Comparison: Kubeadmiral and Karmada

Author: Derek Mortimer | Posted on: March 17, 2025

Kubeadmiral, Karmada, and Multi-cluster Federation Standards

A client recently asked us for a comparison of two multi-cluster Kubernetes management technologies, specifically Kubeadmiral and Karmada . In this post we’ll introduce these technologies, and the Kubernetes standards that influenced their architecture, to enable multi-cluster workload orchestration. The focus will be entirely on managing the manifests inside existing Kubernetes clusters, specifically excluding discussion of standards such as the Cluster API which are concerned with the provisioning of new clusters from scratch.

Introduction

When we talk about multi-cluster orchestration (also known as federation), we are referring to having multiple Kubernetes clusters, each of which is managed by some centralized authoritative source of truth for what manifests should be deployed. For clarity, we will refer to them as hub and spoke clusters:

Hub clusters are the authoritative single source of truth that defines what manifests should be deployed to all managed clusters
Spoke clusters are associated with a hub cluster, the local state on a spoke cluster is constantly reconciled towards the desired state defined by the hub cluster

Two approaches exist for synchronizing this configuration between the hub and spoke clusters, the push and pull models:

In the push model, the hub cluster proactively manages manifests deployed on the spoke clusters (e.g., by directly interacting with its Kubernetes API), ensuring that they stay reconciled against the defined configurations.
In contrast, the pull model moves the reconciliation into spoke clusters themselves. Each spoke cluster monitors the hub cluster, autonomously pulling updates and reconciling local state as needed.

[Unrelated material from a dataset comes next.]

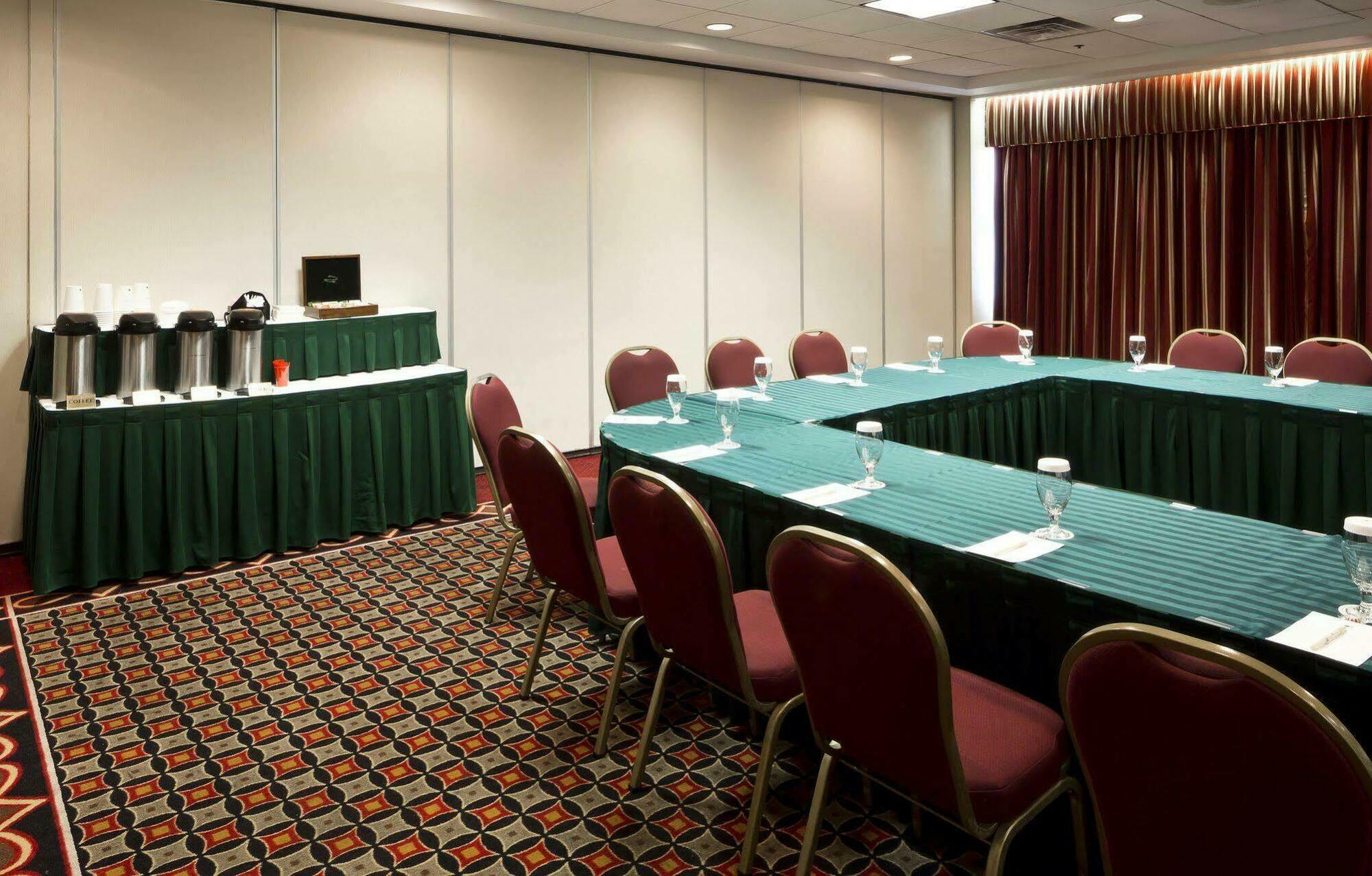 Doubletree By Hilton Fort Lee/George Washington Bridge Exteriör bild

This model simplifies how platform engineering and application teams can deploy workloads consistently across an estate of managed clusters. By aligning all spoke clusters to a single source of truth, the system can automatically detect configuration drift and trigger reconciliation.

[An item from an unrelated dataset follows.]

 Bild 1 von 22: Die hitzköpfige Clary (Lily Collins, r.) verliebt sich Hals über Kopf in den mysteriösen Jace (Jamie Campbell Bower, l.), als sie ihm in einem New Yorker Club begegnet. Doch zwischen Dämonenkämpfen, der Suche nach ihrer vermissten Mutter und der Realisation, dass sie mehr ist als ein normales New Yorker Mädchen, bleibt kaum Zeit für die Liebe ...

Crucially, this approach also leverages a Kubernetes-native approach to define, manage, and automate the federated rollout process, aligning with the broader cloud-native ecosystem for a familiar user experience.

Evaluation

We’ll evaluate the standards and solutions in terms of:

Capability	Reasoning
Dynamic Placement	Can manifests be dynamically placed on subset of spoke clusters? Can replicas be dynamically spread?
Dynamic Configuration	Can Kubernetes resources of all types be synchronized to spoke clusters? Can Kubernetes resources have per-cluster overrides applied to them when synchronized?
Operational Complexity	How difficult/complex are the tools to deploy? How difficult/complex are the tools to run? How are the solutions architected and designed?
Operational Mode Support	Is push-based management supported? Is pull-based management supported?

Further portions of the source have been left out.